One of the lessons from the British Airways experience was that it considered its route structure 10 or 15 years ago. It considered all routes, however historic they may have been, and decided whether they were profitable. It cut the routes that were not profitable and cut the number of its employees in half in the process. It created a profitable airline as a result of the hard decisions that it took some 10 years ago. British Airways was then able to build up those routes again, and made routes that previously were unprofitable, profitable and in the process employed more people. British Airways now has twice the route network in miles flown, but it employs the same number of people. That must be the way ahead for state airlines such as Air France and Iberia, rather than attempts to prop up an existing unprofitable, uncommercial structure with continuing amounts of state aid.

12.33 pm
The Minister for Transport in London (Mr. Steve Norris)

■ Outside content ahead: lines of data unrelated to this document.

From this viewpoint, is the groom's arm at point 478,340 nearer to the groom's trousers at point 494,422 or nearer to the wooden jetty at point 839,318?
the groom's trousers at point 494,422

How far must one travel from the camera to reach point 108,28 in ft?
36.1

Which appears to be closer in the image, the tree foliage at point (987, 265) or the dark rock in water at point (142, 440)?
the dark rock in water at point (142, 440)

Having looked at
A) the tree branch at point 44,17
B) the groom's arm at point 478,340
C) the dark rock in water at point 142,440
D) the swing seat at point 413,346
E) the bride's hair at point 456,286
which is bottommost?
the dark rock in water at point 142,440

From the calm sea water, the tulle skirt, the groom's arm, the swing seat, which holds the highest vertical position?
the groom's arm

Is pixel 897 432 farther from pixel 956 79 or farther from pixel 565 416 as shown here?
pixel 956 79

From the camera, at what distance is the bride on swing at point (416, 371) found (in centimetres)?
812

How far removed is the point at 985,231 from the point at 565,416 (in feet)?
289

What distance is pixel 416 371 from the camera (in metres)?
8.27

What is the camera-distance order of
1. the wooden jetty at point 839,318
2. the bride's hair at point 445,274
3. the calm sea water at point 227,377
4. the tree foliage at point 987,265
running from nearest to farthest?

I am grateful to my hon. Friend the Member for Ruislip-Northwood (Mr. Wilkinson) for giving us the opportunity of this debate today. When he introduced the debate, at a rather unexpected hour, I thought that I perceived a note of mild and customarily gentlemanly disappointment in his voice at the thought that he and I would execute a pas de deux this morning. As an Under-Secretary, I declare myself on this occasion an unsatisfactory substitute. I assure my hon. Friend that, although on this occasion we are using the device of an Adjournment debate and although my noble Friend Viscount Goschen is the Minister for Aviation and Shipping, my right hon. Friend the Secretary of State for Transport takes the issue that my hon. Friend raised today extremely seriously. As I say, I am grateful to my hon. Friend for raising the subject and for expressing himself in such a clear and, if I may say so, trenchant fashion.

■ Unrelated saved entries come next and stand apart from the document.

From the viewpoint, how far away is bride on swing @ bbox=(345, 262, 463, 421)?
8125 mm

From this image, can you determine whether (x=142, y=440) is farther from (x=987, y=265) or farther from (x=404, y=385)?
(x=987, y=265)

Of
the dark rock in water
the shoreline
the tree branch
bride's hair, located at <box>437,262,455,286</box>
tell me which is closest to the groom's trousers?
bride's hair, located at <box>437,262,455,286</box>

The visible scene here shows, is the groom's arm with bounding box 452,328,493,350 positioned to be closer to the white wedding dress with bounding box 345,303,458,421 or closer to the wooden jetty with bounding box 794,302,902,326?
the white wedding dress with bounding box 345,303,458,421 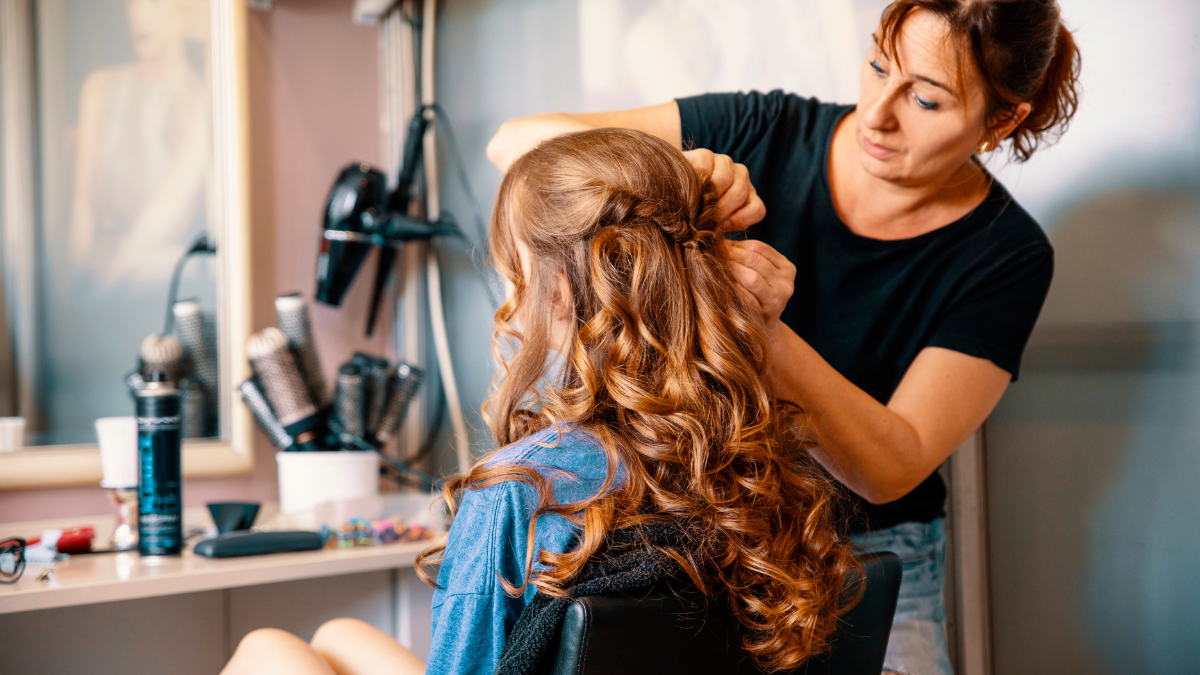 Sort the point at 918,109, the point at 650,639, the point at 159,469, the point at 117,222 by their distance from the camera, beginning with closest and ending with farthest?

We also enjoyed an unexpected but none the less immensely pleasurable minor explosion from my hon. Friend the Member for Hayes and Harlington (Mr. Dicks), who, although he is a parliamentary private secretary for a Transport Minister, was obviously speaking in a private constituency capacity. It would be a shame to lose him. We also heard from my hon. Friend the Member for Wyre (Mr. Mans). My hon. Friends who have spoken are all characterised by the fact that they have taken an interest for many years in the subject. Heathrow is in the constituency of my hon. Friend the Member for Hayes and Harlington, and my hon. Friend the Member for Wyre has long had an interest in aviation matters. I do not believe that there is an hon. Member who has been clearer about his interest in the issue of European state aid than my hon. Friend the Member for Ruislip-Northwood.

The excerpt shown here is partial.